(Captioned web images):
◇ ◇ ◇ ◇ ◇

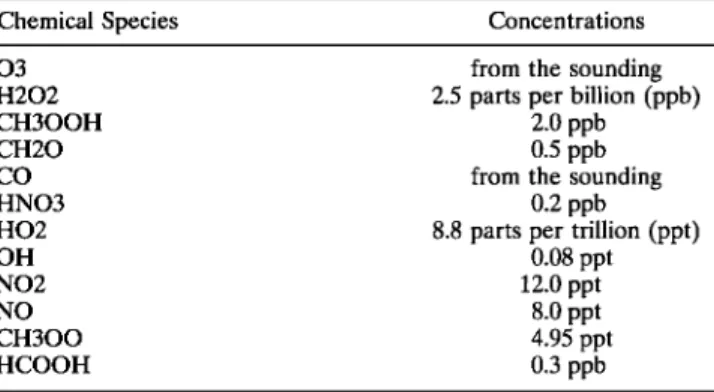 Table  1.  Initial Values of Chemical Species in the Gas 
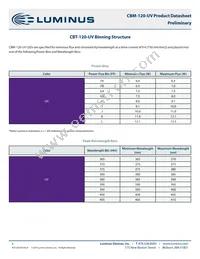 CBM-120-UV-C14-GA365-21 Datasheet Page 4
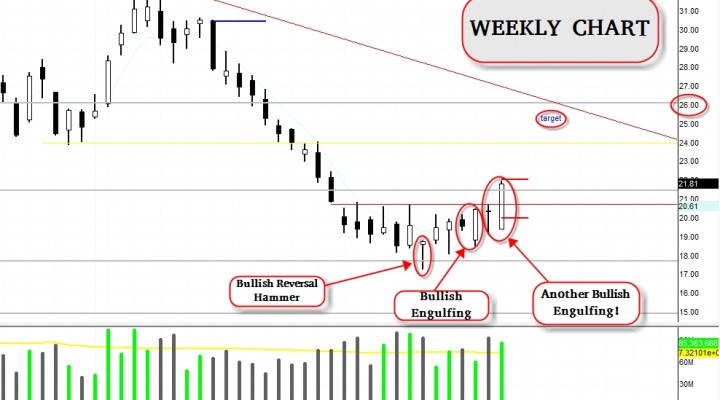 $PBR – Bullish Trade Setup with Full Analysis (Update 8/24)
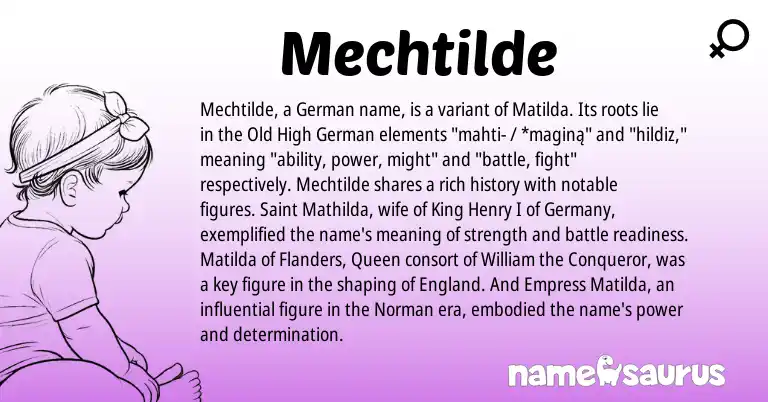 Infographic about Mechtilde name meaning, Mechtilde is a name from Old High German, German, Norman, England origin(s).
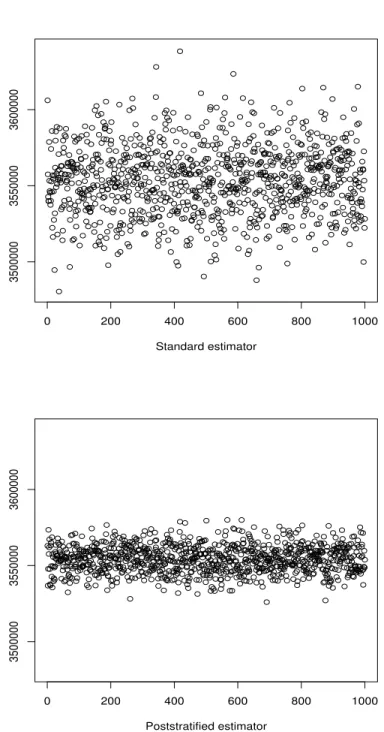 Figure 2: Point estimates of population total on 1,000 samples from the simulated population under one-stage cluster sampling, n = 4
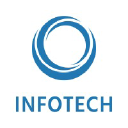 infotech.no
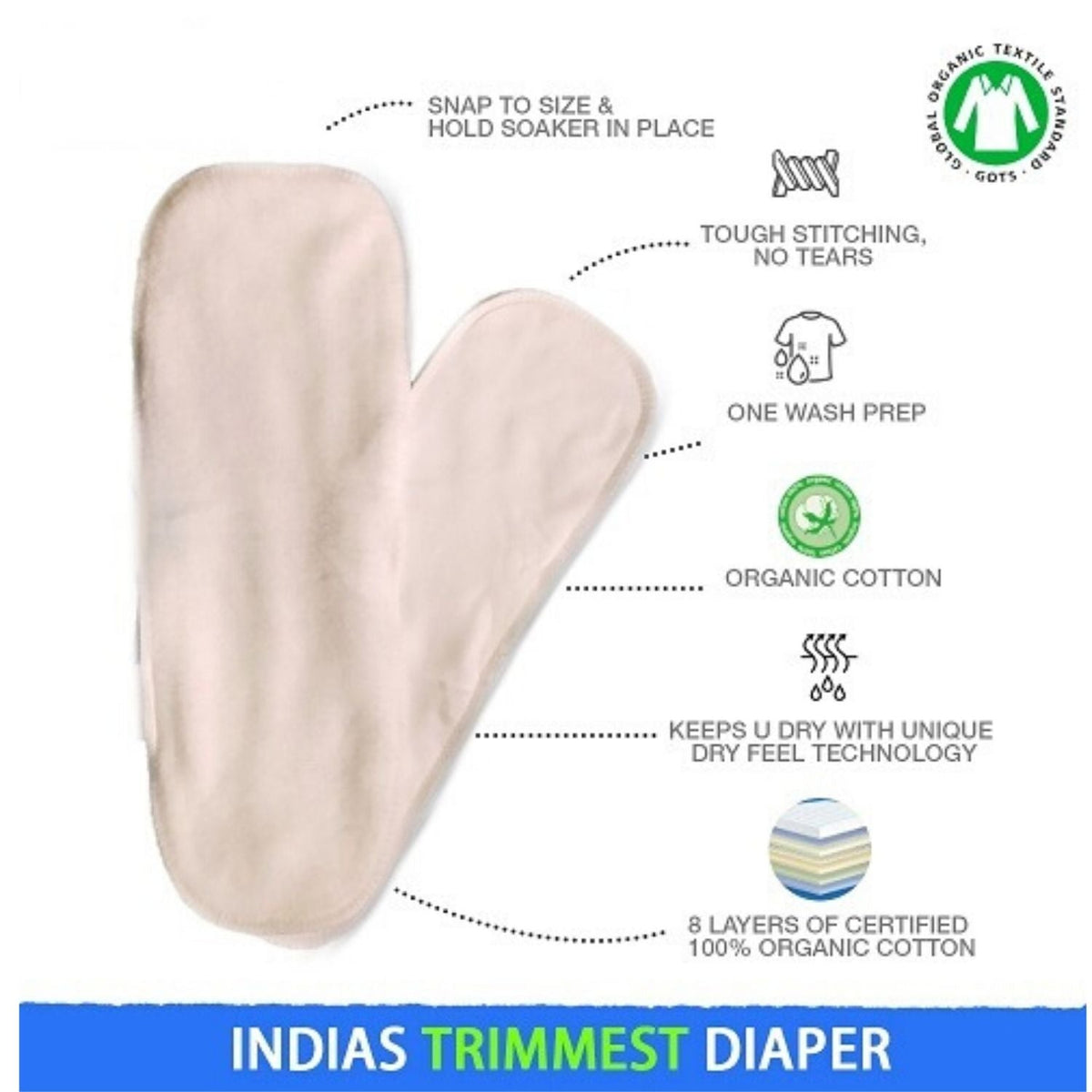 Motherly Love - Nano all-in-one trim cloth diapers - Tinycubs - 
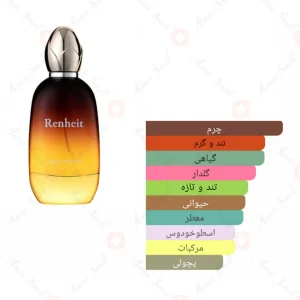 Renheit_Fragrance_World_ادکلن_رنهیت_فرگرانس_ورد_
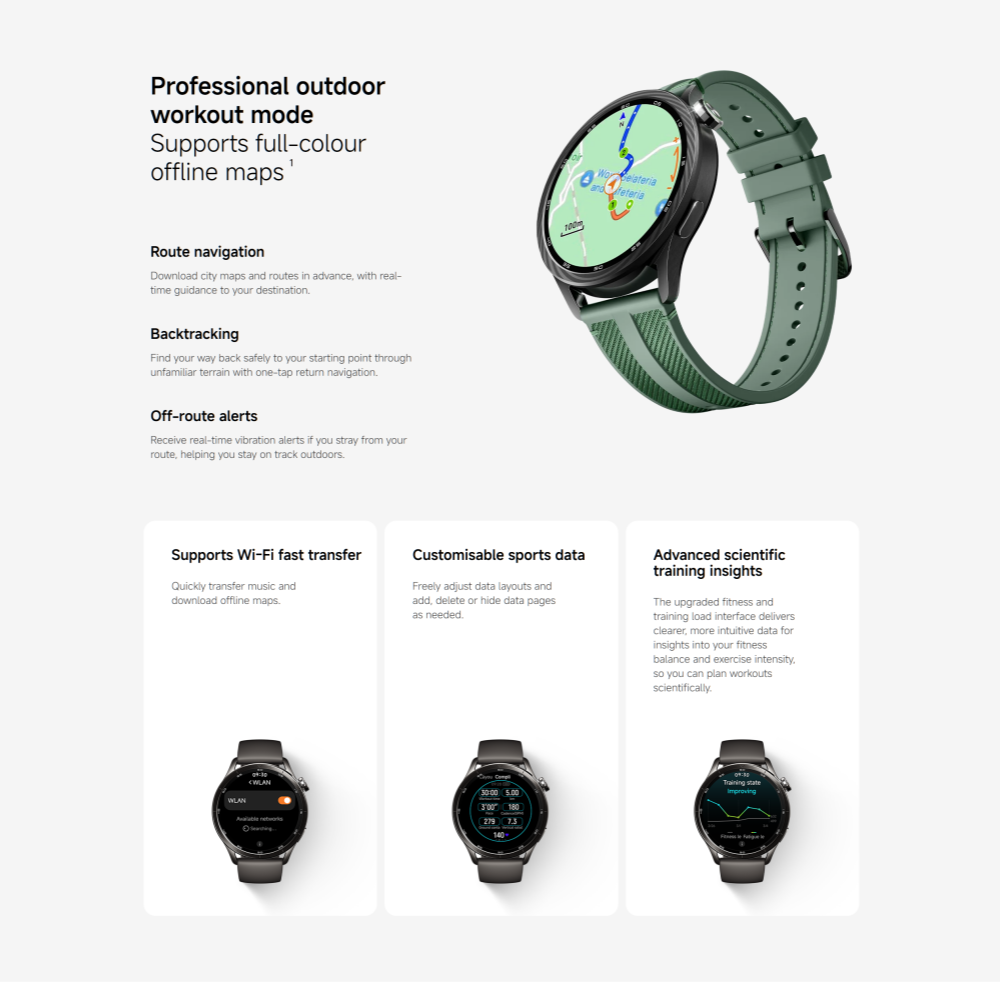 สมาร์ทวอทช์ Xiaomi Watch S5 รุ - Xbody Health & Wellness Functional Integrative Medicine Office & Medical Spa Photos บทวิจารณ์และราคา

◇ ◇ ◇ ◇ ◇

(What needs to be done):
Set down every entry above verbatim, without pictures.

(The completed task):
 Table  1.  Initial Values of Chemical Species in the Gas 
 CBM-120-UV-C14-GA365-21 Datasheet Page 4
 $PBR – Bullish Trade Setup with Full Analysis (Update 8/24)
 Infographic about Mechtilde name meaning, Mechtilde is a name from Old High German, German, Norman, England origin(s).
 Figure 2: Point estimates of population total on 1,000 samples from the simulated population under one-stage cluster sampling, n = 4
 infotech.no
 Motherly Love - Nano all-in-one trim cloth diapers - Tinycubs - 
 Renheit_Fragrance_World_ادکلن_رنهیت_فرگرانس_ورد_
 สมาร์ทวอทช์ Xiaomi Watch S5 รุ - Xbody Health & Wellness Functional Integrative Medicine Office & Medical Spa Photos บทวิจารณ์และราคา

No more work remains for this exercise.